4 – Selectividade normativa e credibilidade do sistema
Um dos riscos mais evidentes reside na perceção de seletividade. A aplicação diferenciada de normas, rigorosa para adversários, flexível para aliados, compromete a legitimidade da ordem jurídica internacional. A crítica à ocupação prolongada de territórios palestinianos, à expansão de colonatos ou ao bloqueio de Gaza, por um lado, e a condenação de ataques indiscriminados contra civis por grupos armados, por outro, evidenciam que a consistência normativa é condição essencial para a credibilidade do sistema.
O direito internacional humanitário e as Convenções de Genebra são universais. A sua aplicação não pode depender de alinhamentos estratégicos. A coerência, não a conveniência, é o que sustenta a autoridade das normas.
5 – O risco de normalização da força
A eventual normalização de ataques preventivos contra infraestruturas estratégicas ou lideranças políticas amplia perigosamente o escopo do que passa a ser considerado aceitável na prática internacional. A médio prazo, tal precedente pode ser invocado por outros Estados em contextos distintos, contribuindo para a diluição progressiva da proibição do uso da força.

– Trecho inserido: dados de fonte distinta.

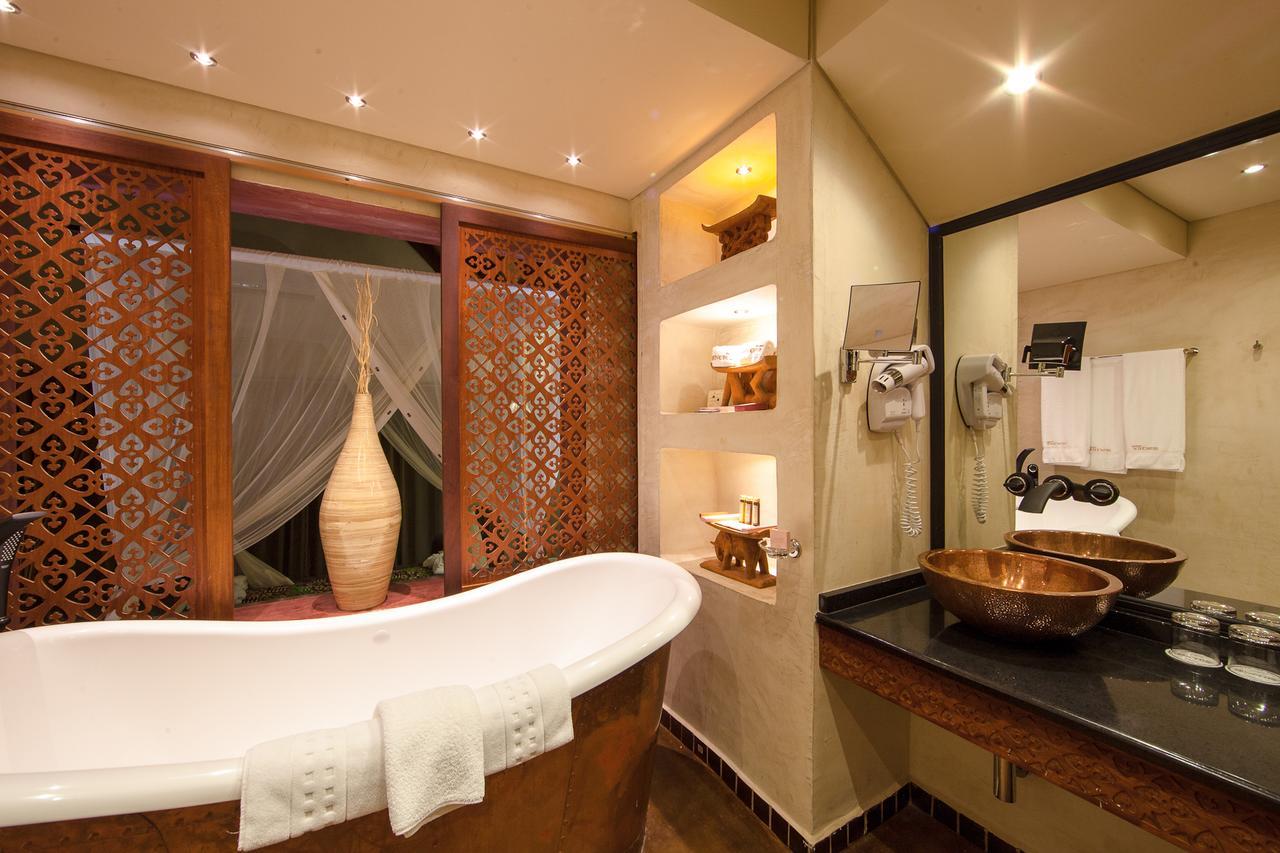The Royal Senchi Hotel And Resort Akosombo エクステリア 写真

A erosão normativa raramente ocorre de forma abrupta; desenvolve-se por acumulação de exceções. Cada exceção não sancionada reforça a perceção de que o poder material prevalece sobre o compromisso jurídico.
6 – Caminhos possíveis: contenção e reforço institucional
Apesar da gravidade do momento, a ordem internacional ainda dispõe de instrumentos de contenção:
– Recurso ao Tribunal Internacional de Justiça para apuramento de responsabilidade.
– Activação de mecanismos de mediação regional.
– Reforço dos regimes de inspecção nuclear sob supervisão internacional.
– Reafirmação multilateral da centralidade da Carta da ONU.
O desafio é político, mas também intelectual: restaurar a convicção de que normas comuns não são entraves à segurança, mas sua condição de possibilidade.
Conclusão
O debate sobre o Irão, Israel e os Estados Unidos não deve reduzir-se a alinhamentos binários.
A defesa da soberania iraniana não implica legitimar todas as ações de Teerão; a defesa da segurança israelita não autoriza expansões ilimitadas da doutrina da legítima defesa; a preservação da liderança americana não exige o enfraquecimento das instituições multilaterais.
A estabilidade mundial depende de um equilíbrio delicado entre poder e direito. Quando o poder ignora o direito, mina a base que sustenta a própria ordem que pretende liderar. Quando o direito se torna seletivo, perde autoridade.
A alternativa não é ingenuidade pacifista, mas consistência normativa. Se a comunidade internacional deseja evitar uma regressão à lógica pura do equilíbrio de forças, deverá reafirmar que a segurança duradoura nasce da legalidade compartilhada, não da supremacia circunstancial.
O verdadeiro teste do sistema internacional não é a capacidade de vencer guerras, mas a capacidade de evitar que elas se tornem o método ordinário de resolução de disputas.